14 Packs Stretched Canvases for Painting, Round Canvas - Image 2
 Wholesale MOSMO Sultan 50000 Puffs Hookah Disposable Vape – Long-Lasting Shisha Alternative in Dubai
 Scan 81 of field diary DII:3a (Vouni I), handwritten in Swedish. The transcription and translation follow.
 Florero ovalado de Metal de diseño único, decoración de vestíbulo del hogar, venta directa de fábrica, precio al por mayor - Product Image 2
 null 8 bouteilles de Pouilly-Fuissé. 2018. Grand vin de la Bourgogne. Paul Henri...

> _TASK STATEMENT_
The answer must consist of every line above that contains the word "Image".

> _WRITTEN ANSWER_
14 Packs Stretched Canvases for Painting, Round Canvas - Image 2
 Florero ovalado de Metal de diseño único, decoración de vestíbulo del hogar, venta directa de fábrica, precio al por mayor - Product Image 2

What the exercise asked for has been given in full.